The Holy Kale: A Tale of Rags to Riches

What images do you conjure up at the word ‘kale’ ? Yoga-attire-clad green smoothie drinkers? A cluster of deep green, gorgeously curled leaves in a health food market? Or a steaming swamp of mush adorned with awkward chunks of shiny sausage? If you’re Dutch, I guarantee you it would have been the latter.

‘Stamppot met boerenkool’ (a.k.a kale and potato mash, or literally translated to ‘stamped pot with farmers cabbage’) has been a winter staple in the kitchens of the Netherlands for centuries. It’s one of those iconic Dutch dishes that, unfortunately, reinforces the stereotype that the country has a rather unrefined palate. Overcooked kale is the main ingredient along with equally flavour-obliterated potatoes. The resulting mush serves little higher purpose than to fill Dutch bellies, something I can attest to with plenty of childhood trauma! 

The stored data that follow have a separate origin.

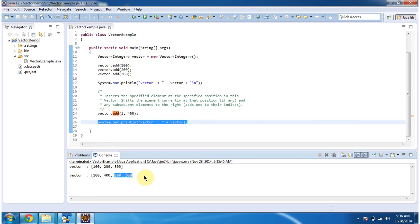And this is about how to add element in the particular index position in Vector. Thanks for watching. Bye.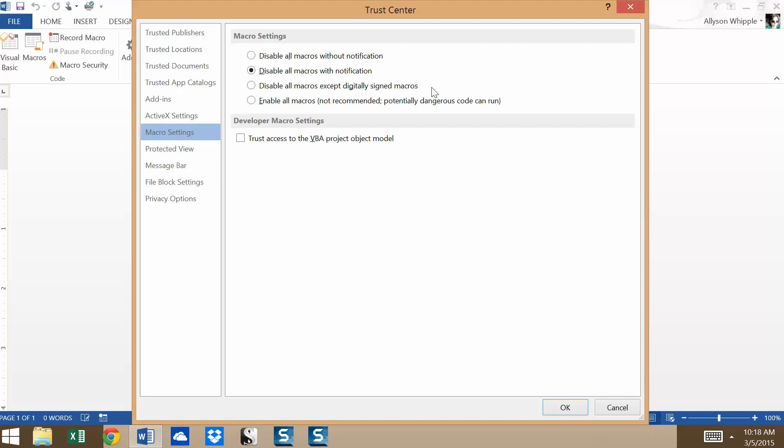Finally, the last one is enable all macros. It is not recommended specifically because if you have some sort of hacker, someone who wants to hurt your system or your company or your project, they could send you something. If you run the macro, it won't just hurt your document, it could thwart your entire system. So I do go with the default. I personally recommend it all around.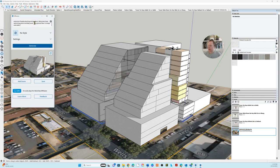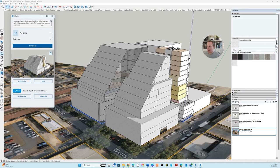This program is free right now as part of SketchUp. I'm going to type in that I'd like a multi-story building clad in marble and timber with extensive facade planting and gardens. Balconies have swimming pools and barbecue areas. The ground floor is shops and cafes. I'm going to hit generate and let the robots do their thing.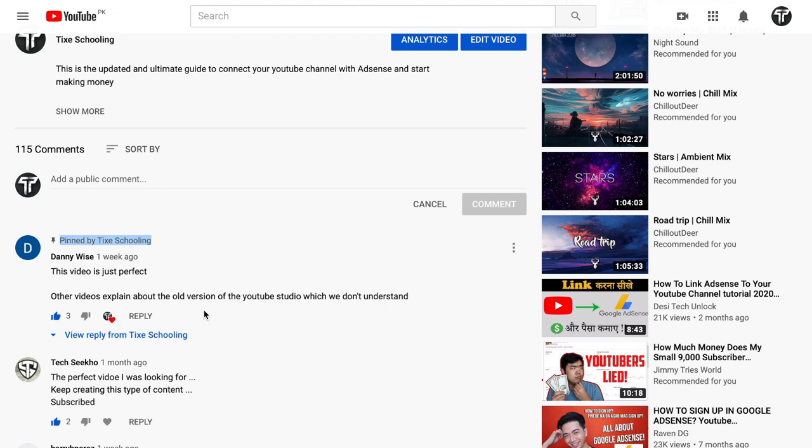If you think this video helped you understand how to pin a YouTube comment on your own videos, then make sure to subscribe, leave a comment, and like this video. Keep visiting Tig's Schooling.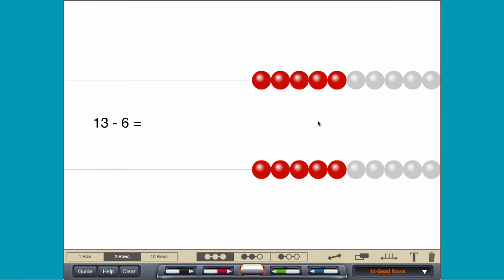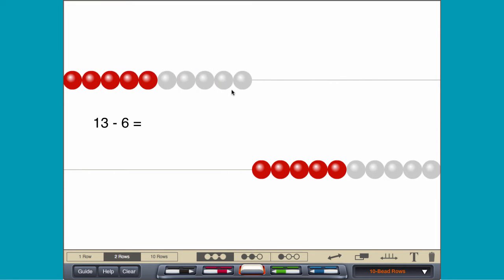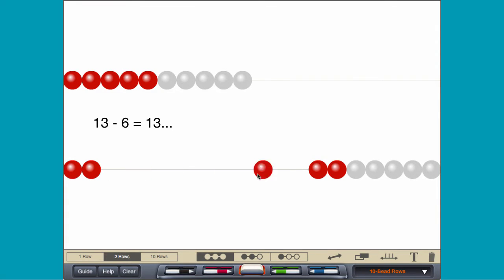By counting back, move 13 beads and then remove 6 beads one at a time.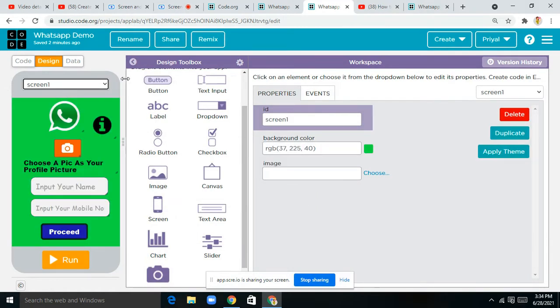Hello everyone, this is Preland. Today I'm going to be teaching you all how to create your own WhatsApp app and Twitter story, and this is part one of this video.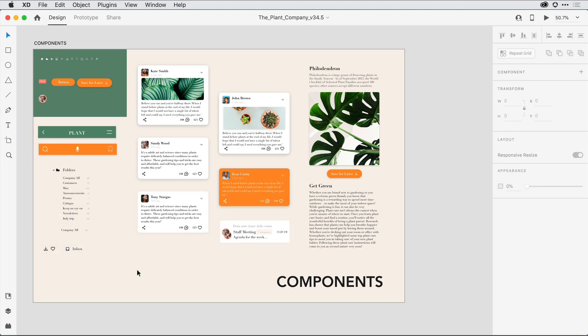Libraries in Adobe XD empower you to build, manage, and distribute design and brand systems all directly within the XD application.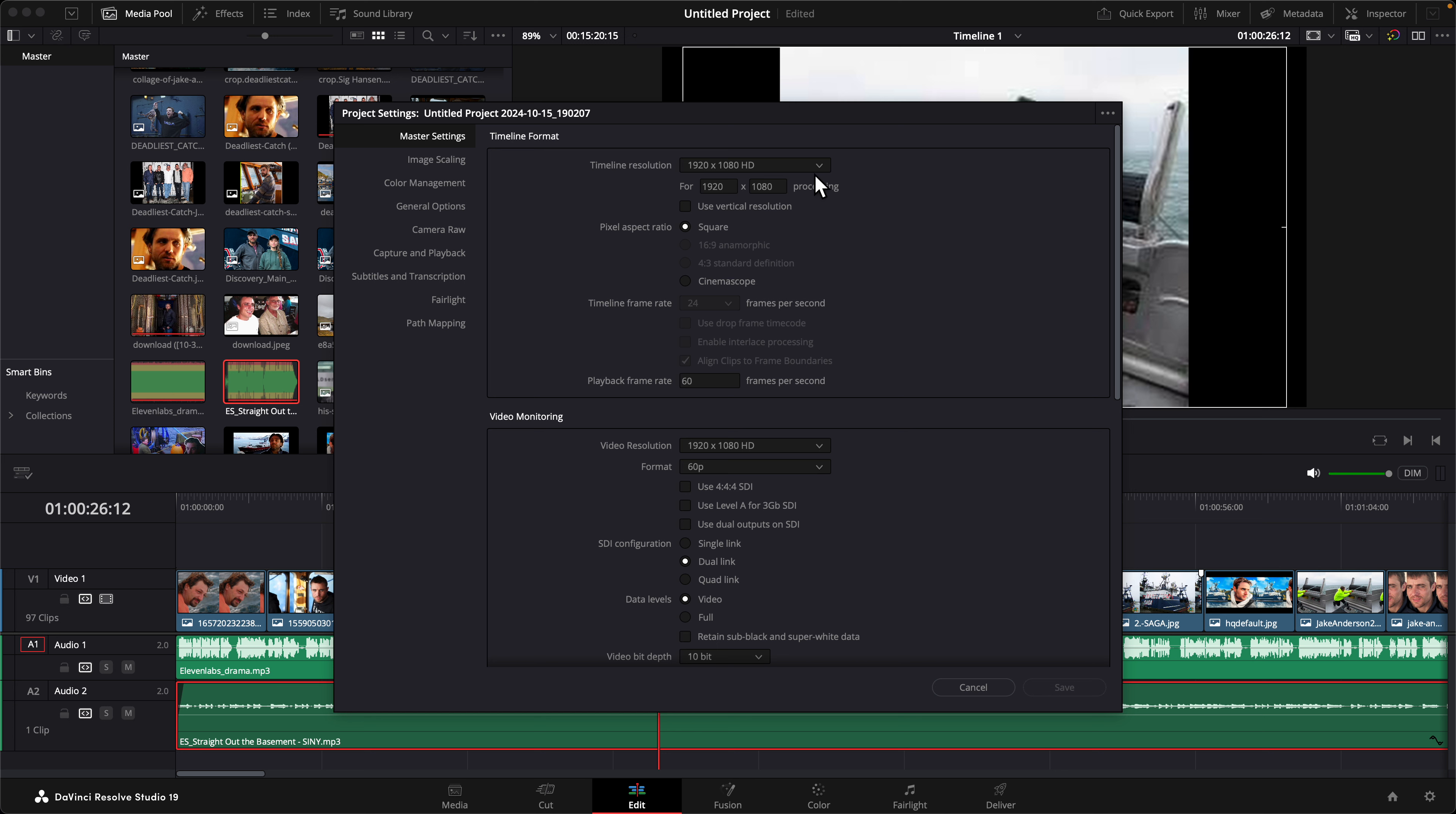Choose your right timeline and then if you look right here, timeline frame rate, this one is 24. So you have to make sure your timeline frame rate and playback frame rate are the same.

Man with kale in wheelbarrow Holland
The ‘Kale King of Holland’ (I kid you not) literally walking on a frozen canal with his wheelbarrow of kale. Tell me this isn’t the Dutchest photo you’ve ever seen.  Photo Cred: ANP/Koen Suyk

Despite the (frankly awful) taste, it seemed the Dutch may have been onto something. Nowadays, this paupers vegetable prides itself as an organic darling throughout the Western world. Kale is trending. First it was the health mamas on Pinterest and the nutrition savvy, then celebrities jumped on the Kale bandwagon, and now everyone is doing it. Yes, that means Starbucks. There is even a 50 Shades of Kale on the bookshelf. As Kevin Bacon put it, “It’s the age of kale. A day without kale is like a day without sun.” If you’re not eating it raw, massaged, in a smoothie or baked into crisps, you are clearly not living your best life.  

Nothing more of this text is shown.